Recognition: The Beholder and the Beheld

Just over the hill from the portion of Santa Barbara where I live is the splendid, funky, notional hamlet of Summerland, a place that attracts tourists with the most dreadful-looking knees imaginable. A distinctive landmark in Summerland is a restaurant, The Big Yellow House, which closes and languishes on a regular basis, is reopened, staffed with locals who have attractive knees and who serve tourists who don't. There are a few other eating places, a post office, a coffee house, and antique stores that look more like retro Los Angeles movie houses. There is one liquor store, a gas station that used to be called Jack Gas, and no longer is, reflecting, some say, the sad effects of encroaching gentrification. There is also a toning station that used to be called a gym, a fire station, and a market that used to be called Lucky's, where one could procure remarkably good sausage. Lucky's is no longer called Lucky's; it is called Available, and Will Negotiate, which means the man who owns Lucky's and who used to make the remarkably good sausage has retired and wants to sell.

There is also a restaurant/saloon called The Nugget, which used to be called The Nugget, and which used to offer foodstuffs of remarkable awfulness.
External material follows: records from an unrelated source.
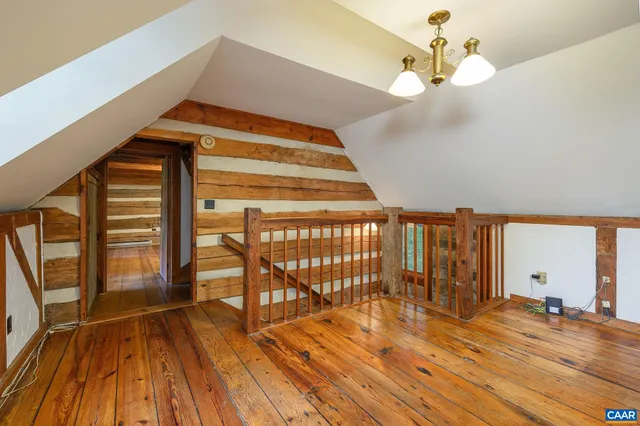 a view of an empty room with a fireplace
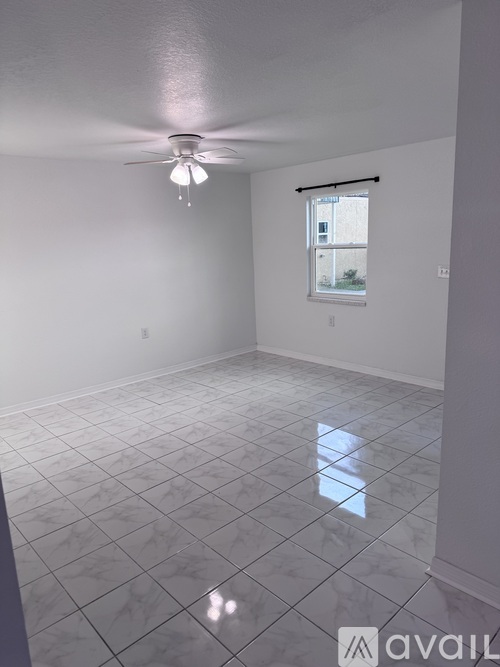 A room with a ceiling fan and a window with a view of a building outside.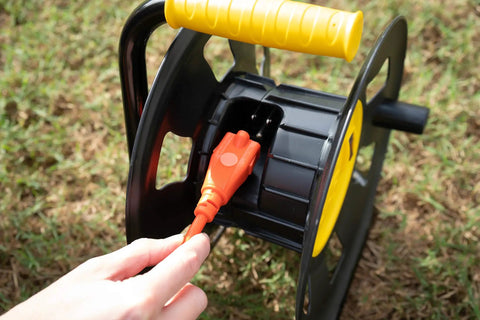 Jobsite Ready Beefy Cord Reel With 4 Grounded Outlets Black And Yellow Holds 50 Ft Of 12 Gauge 70 Ft Of 14 Gauge Or 90 Ft Of 16 Gauge Circuit Breaker Protected Extension Reel For Powering Multiple Tools in use outdoors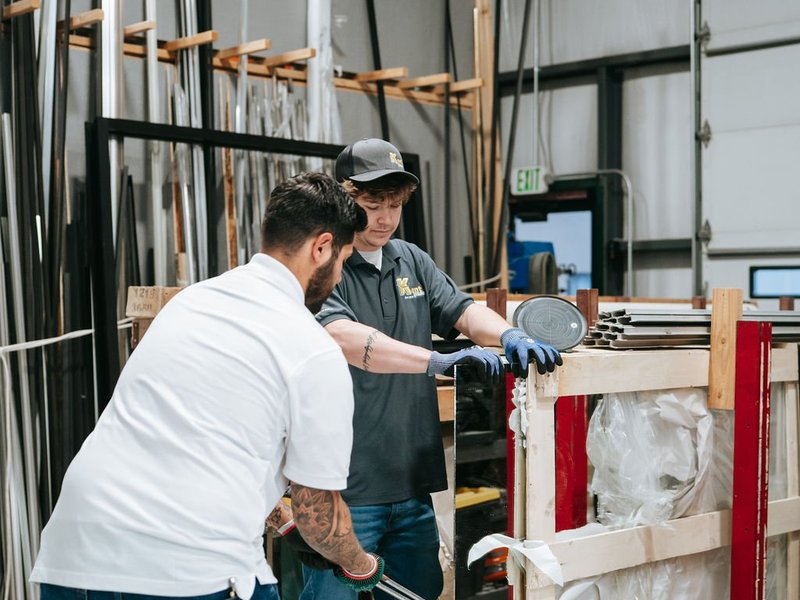 Kent Glass team moving glass through the fabrication shop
Like the dresshop in Santa Barbara now occupying a restaurant that used to be called Mom's, customers were drawn for ambiance rather than food. The Nugget now presents reasonably good food at reasonable prices, and reasonably strong drinks at prices locals seem to respect. Tonight, while dining at The Nugget, I was approached, as I was the last time I dined chez Nugget and the time before that, by a person who claimed to have just seen me on television.
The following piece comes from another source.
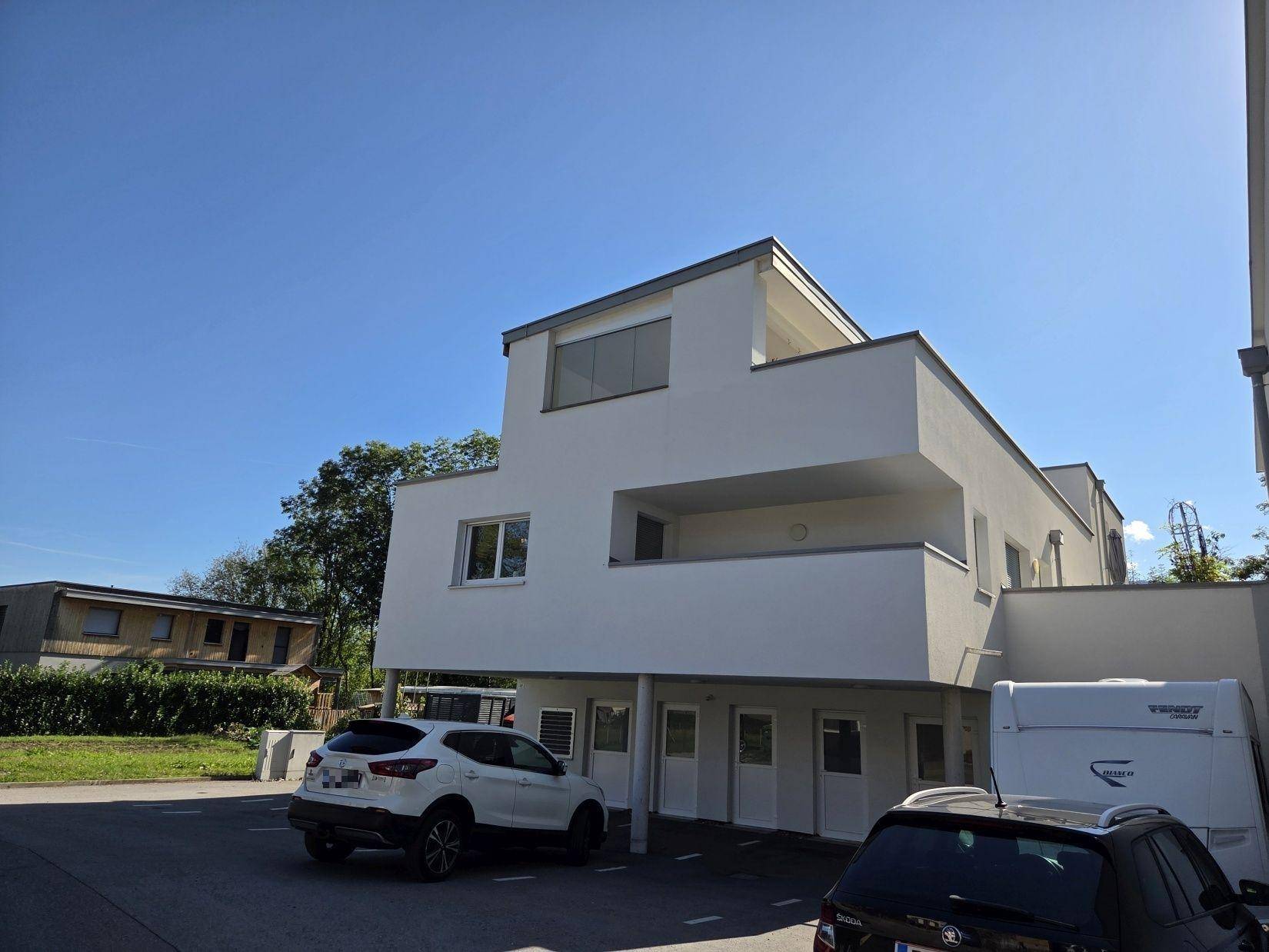 Ansicht des modernen Neubaus mit weißer Fassade und ausreichend Parkmöglichkeiten im Freien.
I want to make it clear that I do not in the slightest resemble Geraldo Rivera or Jerry Springer, and when I compare myself to other TV personalities, I arrive at a loss. I do not give the impression of having been on TV when I dine at any other restaurant. Nevertheless,the experience got me to thinking along a particularly morbid line that has as its denominator the fickleness and forgetfulness of the public.

The following authors are scarcely thought of, which is worse than shameful. Although some forgotten authors are richly and deservedly forgotten, the following ought to be remembered with greater intensity and clarity:

1. Jack London
2. James M. Cain
3. Mordecai Richler
4. Carol Stone
5. John Fante
6. Ring Lardner
7. John Sanford
8. Willa Cather
9. Sarah Orne Jewett
10. Stephen Crane
11. Robertson Davies
12. Dorothy Parker
13. Dorothy Baker
14. Hilda Doolittle
15. Wilfrid Sheed

Through some past associations, I have a sense of the tough buck publishing is. Nevertheless, I would put time and effort into a business plan whereby the works of all these and many other wrongly or unnecessarily overlooked authors, perhaps calling them to the attention of those who have missed opportunities to know the, perhaps not. But it would do the modern equivalent of bringing these shining lights back in twisted, coiled format, where they could once again emit their friendly glow.